In den letzten Wochen lässt sich aber erkennen, wie auch Personen, die ich eigentlich als im klassischen Sinne „anständig“ bezeichnet hätte, zum Knüppel der Lüge greifen. Sie machen sich offensichtlich nicht bewusst, dass sie damit langfristig mehr zerstören als (vielleicht) kurzfristig die Wahlaussichten der Konkurrenz. Bestes Beispiel sind die erneuten Versuche, den GRÜNEN mal wieder das Klischee „Verbotspartei“ aufzudrücken. Hat ja früher auch gut geklappt. Nur ist es 2021 so, dass die GRÜNE Partei seit Jahren sehr vorsichtig mit Aussagen ist, die als Verbot gedeutet werden könnten. Zu den Themen „Eigenheim“ oder „Kurzstreckenflüge“ gibt es nicht einen Satz, der auf deren Verbot hinzielt, sondern nur Argumente in Bezug auf die ökologischen Konsequenzen (Energieverbrauch, Flächenbedarf usw.). Das ficht aber die Generalsekretäre der Union nicht an, einfach zu behaupten, GRÜNE wollten die eigenen vier Wände und den Mallorcaurlaub verbieten. Ähnliches vollzieht sich zurzeit in der Debatte um die CO²-Steuer, die Olaf Scholz zu der Behauptung nutzt, den GRÜNEN seien die Sorgen der Menschen „egal“. Kritisch wird es aber dann, wenn so genannte wohlmeinende Journalist*innen glauben, sie müssten dem GRÜNEN Personal Ratschläge geben, welche Themen es überhaupt noch ansprechen darf. Da wird doch allen Ernstes empfohlen, sich mit dem Auto als Klimakiller oder eben den Kurzstreckenflügen gar nicht mehr auseinanderzusetzen. Jedenfalls nicht im Wahlkampf. Ist ja so unpopulär. Wenn sich diese Ratschläge durchsetzen würden, hätten die Trumpisten unter den Wahlkämpfern der großen Koalition gewonnen. Und die demokratische Gesellschaft verloren.

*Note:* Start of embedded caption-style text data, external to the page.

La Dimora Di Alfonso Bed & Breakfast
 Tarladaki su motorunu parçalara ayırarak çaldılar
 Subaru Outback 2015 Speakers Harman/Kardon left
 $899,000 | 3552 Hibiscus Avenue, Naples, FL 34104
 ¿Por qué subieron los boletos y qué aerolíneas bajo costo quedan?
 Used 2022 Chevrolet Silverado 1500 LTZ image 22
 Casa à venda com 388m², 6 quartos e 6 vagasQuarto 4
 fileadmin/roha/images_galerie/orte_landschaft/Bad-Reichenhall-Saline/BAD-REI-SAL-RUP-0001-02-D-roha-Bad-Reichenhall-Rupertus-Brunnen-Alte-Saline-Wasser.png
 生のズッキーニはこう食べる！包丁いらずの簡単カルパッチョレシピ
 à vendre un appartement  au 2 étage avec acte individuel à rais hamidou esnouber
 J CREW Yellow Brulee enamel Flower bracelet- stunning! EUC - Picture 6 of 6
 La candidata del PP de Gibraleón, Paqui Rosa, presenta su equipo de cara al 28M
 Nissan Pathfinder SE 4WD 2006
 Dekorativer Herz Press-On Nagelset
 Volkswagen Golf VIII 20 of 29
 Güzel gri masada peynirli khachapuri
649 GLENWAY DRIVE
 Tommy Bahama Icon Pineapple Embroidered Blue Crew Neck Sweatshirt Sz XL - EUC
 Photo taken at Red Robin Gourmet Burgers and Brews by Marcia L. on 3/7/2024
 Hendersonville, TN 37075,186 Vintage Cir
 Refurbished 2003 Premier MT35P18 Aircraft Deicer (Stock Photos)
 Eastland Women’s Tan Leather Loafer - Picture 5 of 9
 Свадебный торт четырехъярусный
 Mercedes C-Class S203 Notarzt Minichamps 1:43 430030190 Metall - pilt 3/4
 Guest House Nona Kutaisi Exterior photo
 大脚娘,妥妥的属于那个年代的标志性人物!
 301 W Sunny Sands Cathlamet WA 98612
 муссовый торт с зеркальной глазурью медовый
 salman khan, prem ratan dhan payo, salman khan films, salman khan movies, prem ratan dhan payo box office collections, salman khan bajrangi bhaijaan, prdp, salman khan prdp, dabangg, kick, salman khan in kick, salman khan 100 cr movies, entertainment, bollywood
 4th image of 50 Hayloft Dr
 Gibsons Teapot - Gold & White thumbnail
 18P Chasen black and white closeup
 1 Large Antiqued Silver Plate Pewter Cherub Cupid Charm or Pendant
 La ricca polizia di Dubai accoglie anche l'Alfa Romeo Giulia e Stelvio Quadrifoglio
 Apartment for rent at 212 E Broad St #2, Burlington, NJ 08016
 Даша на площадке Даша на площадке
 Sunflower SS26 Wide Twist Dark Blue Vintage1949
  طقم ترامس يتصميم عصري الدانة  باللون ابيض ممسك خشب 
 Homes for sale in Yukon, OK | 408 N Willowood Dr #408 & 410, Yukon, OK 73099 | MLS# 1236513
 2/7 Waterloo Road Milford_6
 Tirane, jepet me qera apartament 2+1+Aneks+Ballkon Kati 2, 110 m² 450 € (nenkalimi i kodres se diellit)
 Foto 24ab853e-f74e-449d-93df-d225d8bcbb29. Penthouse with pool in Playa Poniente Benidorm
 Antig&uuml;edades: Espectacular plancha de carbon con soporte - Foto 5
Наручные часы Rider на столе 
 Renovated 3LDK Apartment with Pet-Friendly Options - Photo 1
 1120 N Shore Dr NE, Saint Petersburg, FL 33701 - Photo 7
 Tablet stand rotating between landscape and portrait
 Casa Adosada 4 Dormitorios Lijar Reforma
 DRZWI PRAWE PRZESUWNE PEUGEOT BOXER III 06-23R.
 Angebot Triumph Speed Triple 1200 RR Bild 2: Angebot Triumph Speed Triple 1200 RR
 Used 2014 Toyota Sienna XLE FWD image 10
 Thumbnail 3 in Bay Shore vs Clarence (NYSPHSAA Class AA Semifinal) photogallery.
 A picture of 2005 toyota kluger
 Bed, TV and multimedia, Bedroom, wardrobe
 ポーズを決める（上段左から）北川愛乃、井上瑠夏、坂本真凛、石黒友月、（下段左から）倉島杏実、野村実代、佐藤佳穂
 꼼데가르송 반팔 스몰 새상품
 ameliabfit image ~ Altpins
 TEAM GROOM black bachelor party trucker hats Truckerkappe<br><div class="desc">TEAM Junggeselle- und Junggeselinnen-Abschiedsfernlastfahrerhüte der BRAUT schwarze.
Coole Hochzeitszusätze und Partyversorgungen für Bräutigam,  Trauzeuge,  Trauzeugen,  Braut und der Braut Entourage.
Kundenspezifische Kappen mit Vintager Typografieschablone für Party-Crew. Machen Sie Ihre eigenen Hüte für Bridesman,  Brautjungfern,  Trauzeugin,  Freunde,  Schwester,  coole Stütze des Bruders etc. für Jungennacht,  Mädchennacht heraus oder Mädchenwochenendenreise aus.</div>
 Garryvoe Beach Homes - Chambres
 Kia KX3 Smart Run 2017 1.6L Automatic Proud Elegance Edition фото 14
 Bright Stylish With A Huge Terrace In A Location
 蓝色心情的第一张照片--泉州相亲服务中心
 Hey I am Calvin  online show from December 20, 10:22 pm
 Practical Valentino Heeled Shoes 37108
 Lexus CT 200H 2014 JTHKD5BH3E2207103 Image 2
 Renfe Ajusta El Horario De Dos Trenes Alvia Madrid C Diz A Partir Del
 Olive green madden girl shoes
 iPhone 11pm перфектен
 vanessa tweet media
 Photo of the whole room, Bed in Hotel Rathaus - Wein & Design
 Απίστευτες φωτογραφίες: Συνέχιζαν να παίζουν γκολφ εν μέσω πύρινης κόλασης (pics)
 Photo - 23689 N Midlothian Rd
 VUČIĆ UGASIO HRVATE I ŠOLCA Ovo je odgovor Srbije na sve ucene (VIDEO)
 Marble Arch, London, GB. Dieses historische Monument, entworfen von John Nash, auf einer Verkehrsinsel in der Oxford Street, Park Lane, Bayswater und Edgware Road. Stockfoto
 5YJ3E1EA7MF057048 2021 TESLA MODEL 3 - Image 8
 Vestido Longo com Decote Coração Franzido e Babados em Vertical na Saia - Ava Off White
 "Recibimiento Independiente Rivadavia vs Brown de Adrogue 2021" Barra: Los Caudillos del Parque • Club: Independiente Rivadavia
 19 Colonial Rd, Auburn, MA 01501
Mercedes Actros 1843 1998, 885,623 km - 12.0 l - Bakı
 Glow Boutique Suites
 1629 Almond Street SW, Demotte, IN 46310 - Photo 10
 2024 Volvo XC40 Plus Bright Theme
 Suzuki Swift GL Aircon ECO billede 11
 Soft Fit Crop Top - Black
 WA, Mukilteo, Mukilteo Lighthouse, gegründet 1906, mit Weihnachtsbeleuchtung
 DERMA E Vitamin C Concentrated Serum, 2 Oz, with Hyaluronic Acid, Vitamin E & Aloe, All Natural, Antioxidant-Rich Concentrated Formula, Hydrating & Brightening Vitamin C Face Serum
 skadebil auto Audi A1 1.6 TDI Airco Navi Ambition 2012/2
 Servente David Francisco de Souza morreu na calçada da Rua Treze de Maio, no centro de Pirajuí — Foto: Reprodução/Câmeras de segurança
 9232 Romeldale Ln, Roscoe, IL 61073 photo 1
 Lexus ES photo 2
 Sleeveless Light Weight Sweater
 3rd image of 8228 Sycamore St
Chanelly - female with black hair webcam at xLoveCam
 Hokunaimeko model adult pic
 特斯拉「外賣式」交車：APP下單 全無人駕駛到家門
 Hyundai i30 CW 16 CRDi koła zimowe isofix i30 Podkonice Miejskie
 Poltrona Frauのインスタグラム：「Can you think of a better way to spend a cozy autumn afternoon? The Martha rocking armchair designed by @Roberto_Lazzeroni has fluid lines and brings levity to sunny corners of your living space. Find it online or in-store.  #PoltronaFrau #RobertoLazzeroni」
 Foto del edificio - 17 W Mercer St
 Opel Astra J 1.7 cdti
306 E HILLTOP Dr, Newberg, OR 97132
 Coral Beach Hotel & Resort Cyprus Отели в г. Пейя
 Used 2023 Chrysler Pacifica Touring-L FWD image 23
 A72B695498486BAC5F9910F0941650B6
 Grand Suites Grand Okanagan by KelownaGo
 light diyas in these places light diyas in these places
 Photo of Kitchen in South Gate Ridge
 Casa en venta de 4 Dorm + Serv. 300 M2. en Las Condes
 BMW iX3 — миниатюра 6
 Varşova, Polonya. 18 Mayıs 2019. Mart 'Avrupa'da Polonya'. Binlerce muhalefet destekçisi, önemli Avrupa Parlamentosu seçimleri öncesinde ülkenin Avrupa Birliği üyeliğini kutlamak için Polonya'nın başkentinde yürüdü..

Übrigens: Dass es auch ganz anders kommen kann, zeigte eine repräsentative Umfrage eine Woche nach Beginn der Aufregung um die Kurzstreckenflüge. Darin sprachen sich drei Viertel der Befragten für deren Verteuerung oder gar ein Verbot (!) aus.
Grüße von Eurem und Ihrem Bundestagsabgeordneten Markus Kurth
[Erschienen in der GrinDo, BÜNDNIS 90/DIE GRÜNEN Kreisverband Dortmund, Juli 2021, Gestaltung Hintergrund Gerd Schmedes]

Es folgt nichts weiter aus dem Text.